Berkeley’s Housing Advisory Commission passed two motions Thursday to aid the development of affordable housing.
The first motion involved predevelopment funds for Berkeley affordable housing developers and recommended advising Berkeley City Council to raise the funding cap for council approval from its current value of $50,000 to $250,000, while the second item authorized sending an assessment of recommendations to City Council.
Guest speaker Susan Friedland, executive director of Satellite Affordable Housing Associates, or SAHA, began by discussing certain funding issues the organization has been facing, especially in regards to applying for predevelopment funding from the city’s Housing Trust Fund.
“We’ve been really active in Berkeley, and over time, we’ve been more active or less active depending on the resources given to us by the Housing Trust Fund,” Friedland said. “Predevelopment money is critical for us to being able to continue to build in Berkeley.”
Friedland asserted that SAHA is responsible with the public funding it receives, describing the process as “highly scrutinized and well regulated.”
According to Friedland, it takes at least $200,000 to $300,000 to prepare for a housing project. These funds — known as predevelopment funds — are used for essential studies and feasibility tests on sites, marketing, environmental assessments and deposit money.
Commissioner Alejandro Soto-Vigil, who represents the student-dense District 7 and spearheaded the motion, expressed strong favor of the motion’s approval, calling it a “win-win” for both developers and tenants.
The motion to recommend the change to City Council passed with five affirmations and one abstention. Commissioner Marian Wolfe did not vote because of her position on the board of a nonprofit that could potentially benefit from the funding.

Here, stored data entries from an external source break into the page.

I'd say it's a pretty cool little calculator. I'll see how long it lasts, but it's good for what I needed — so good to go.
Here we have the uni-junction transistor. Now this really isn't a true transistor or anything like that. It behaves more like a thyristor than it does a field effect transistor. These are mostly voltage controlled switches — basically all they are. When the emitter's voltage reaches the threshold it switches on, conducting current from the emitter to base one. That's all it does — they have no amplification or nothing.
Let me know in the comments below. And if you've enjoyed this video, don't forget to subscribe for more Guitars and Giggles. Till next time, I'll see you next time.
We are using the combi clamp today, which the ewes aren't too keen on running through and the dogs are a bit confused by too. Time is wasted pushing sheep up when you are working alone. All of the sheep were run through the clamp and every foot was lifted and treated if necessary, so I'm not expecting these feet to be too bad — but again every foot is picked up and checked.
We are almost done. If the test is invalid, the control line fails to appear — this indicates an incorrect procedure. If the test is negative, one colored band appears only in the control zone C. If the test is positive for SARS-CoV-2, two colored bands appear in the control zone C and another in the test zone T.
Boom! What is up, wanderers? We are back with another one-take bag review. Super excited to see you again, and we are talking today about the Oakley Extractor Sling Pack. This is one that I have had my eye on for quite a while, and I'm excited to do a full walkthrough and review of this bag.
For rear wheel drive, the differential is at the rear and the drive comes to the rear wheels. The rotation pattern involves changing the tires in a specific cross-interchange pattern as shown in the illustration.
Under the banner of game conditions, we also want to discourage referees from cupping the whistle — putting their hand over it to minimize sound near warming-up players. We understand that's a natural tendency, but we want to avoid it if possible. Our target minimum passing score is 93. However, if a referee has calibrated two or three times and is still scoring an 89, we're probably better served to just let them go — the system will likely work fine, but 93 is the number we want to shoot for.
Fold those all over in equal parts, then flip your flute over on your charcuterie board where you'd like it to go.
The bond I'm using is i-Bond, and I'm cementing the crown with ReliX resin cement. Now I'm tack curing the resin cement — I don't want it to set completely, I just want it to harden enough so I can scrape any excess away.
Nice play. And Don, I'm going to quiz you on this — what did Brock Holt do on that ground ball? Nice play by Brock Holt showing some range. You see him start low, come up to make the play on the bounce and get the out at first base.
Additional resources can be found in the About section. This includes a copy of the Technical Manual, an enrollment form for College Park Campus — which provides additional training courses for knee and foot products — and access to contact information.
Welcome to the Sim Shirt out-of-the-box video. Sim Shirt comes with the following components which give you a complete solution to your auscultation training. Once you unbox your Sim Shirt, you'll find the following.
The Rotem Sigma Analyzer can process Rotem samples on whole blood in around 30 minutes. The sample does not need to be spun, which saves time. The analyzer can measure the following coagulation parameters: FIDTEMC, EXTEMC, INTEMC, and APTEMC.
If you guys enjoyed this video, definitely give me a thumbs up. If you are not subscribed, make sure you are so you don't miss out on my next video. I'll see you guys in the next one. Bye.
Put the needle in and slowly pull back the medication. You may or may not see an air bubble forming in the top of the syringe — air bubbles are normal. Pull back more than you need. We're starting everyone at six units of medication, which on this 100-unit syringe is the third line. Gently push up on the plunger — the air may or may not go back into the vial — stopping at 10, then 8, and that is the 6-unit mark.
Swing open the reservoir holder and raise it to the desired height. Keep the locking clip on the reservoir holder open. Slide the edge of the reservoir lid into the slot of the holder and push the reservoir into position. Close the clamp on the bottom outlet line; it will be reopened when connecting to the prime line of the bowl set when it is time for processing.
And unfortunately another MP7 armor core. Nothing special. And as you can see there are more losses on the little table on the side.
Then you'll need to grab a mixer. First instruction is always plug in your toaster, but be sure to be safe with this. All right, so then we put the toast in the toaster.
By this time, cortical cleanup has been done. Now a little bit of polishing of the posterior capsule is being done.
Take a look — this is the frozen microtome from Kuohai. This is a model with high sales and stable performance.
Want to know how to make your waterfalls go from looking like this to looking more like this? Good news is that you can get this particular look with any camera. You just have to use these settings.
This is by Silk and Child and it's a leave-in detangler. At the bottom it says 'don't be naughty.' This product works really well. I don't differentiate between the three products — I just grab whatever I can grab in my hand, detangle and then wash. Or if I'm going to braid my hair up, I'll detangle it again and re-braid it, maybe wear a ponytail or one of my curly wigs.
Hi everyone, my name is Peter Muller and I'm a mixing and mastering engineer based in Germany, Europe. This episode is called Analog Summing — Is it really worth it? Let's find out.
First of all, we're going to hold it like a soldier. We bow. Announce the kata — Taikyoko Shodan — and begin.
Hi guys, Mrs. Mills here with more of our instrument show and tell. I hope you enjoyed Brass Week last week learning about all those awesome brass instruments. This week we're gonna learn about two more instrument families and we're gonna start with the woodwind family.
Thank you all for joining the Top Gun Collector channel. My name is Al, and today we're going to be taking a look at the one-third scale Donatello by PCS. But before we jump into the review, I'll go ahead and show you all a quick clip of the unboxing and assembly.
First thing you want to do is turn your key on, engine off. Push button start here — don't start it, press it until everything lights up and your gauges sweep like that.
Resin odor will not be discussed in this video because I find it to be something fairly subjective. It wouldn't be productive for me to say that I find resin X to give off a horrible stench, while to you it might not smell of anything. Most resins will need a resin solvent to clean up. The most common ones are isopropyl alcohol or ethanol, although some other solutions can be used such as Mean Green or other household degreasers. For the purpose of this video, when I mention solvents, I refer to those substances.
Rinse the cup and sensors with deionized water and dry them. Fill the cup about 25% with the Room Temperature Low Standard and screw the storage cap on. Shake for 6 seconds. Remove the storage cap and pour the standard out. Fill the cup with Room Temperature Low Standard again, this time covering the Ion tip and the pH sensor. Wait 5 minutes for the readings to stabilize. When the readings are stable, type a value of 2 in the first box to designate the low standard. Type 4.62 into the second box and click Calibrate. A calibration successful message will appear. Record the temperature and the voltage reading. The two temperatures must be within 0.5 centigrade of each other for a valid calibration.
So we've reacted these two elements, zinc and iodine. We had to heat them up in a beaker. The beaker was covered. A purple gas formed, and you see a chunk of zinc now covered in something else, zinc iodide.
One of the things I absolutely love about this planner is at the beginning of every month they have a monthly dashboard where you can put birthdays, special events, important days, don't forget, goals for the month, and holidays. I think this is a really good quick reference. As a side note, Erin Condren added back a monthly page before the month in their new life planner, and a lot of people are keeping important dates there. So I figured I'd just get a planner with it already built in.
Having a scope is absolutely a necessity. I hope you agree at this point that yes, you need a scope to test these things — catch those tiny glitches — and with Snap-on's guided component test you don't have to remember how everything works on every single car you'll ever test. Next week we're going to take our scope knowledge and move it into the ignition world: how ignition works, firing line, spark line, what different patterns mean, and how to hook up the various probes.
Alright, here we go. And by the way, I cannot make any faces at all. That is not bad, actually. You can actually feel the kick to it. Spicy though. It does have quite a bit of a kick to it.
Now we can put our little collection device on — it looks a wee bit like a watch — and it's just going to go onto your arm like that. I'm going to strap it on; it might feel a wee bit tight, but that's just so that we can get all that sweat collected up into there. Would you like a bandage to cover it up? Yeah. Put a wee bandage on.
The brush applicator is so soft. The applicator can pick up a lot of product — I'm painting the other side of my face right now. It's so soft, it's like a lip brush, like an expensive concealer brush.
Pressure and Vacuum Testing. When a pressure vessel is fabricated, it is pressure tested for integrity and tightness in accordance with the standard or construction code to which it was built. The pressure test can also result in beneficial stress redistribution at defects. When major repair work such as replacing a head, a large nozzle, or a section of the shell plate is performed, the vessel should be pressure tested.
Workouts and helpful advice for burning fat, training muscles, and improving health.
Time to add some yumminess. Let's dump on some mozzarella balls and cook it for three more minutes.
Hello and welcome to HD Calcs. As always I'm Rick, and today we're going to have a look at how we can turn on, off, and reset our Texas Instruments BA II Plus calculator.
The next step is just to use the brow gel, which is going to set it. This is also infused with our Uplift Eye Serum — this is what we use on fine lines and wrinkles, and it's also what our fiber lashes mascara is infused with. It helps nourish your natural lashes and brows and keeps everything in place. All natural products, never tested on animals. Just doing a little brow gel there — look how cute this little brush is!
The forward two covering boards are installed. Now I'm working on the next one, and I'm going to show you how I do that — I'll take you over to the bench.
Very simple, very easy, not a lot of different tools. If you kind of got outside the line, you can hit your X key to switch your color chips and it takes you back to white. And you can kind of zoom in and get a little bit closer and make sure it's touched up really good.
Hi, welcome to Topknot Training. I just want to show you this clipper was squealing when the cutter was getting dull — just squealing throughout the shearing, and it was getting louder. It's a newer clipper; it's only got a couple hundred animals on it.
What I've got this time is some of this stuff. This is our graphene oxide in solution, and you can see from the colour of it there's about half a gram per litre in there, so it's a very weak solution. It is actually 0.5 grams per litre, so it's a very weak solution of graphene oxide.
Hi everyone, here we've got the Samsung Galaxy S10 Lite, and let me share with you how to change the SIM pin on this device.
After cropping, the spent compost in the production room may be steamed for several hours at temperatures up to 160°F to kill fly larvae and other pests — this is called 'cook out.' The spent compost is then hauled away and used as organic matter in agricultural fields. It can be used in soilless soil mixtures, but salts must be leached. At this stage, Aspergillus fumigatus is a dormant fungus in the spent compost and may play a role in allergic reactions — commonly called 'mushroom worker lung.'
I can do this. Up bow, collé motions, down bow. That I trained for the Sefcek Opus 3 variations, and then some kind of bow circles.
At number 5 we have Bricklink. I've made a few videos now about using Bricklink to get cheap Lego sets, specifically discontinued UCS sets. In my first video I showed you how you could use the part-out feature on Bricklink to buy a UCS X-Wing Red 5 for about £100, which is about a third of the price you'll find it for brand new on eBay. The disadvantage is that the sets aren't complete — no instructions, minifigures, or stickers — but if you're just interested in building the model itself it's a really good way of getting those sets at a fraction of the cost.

The commission then considered potential next steps regarding the city’s Affordable Housing Mitigation Fee. The fee, paid directly to the city’s Housing Trust Fund, is an option given to housing developers in lieu of including affordable housing units in new buildings.
Wolfe proposed that the commission send an assessment of a Nexus Study — a local study completed in October 2010 that quantified statistics for an ideal Affordable Housing Mitigation Fee — to City Council before its Nov. 10 meeting.
Commissioner Bren Darrow said during the meeting that the study would be a “personal deal breaker” if it did not contain a concrete dollar amount for the mitigation fee.
Commissioner Heidi Abramson, however, said the commission was not in a position to recommend any hard numbers.
Wolfe then recommended sending the assessment as a communication to City Council with minor wording adjustments to refine possibly ambiguous language and statistics. The motion passed with six affirmations and one abstention.
The commission concluded its meeting with a decision to move forward with arrangements to host a public community forum for the discussion of housing affordability early next year.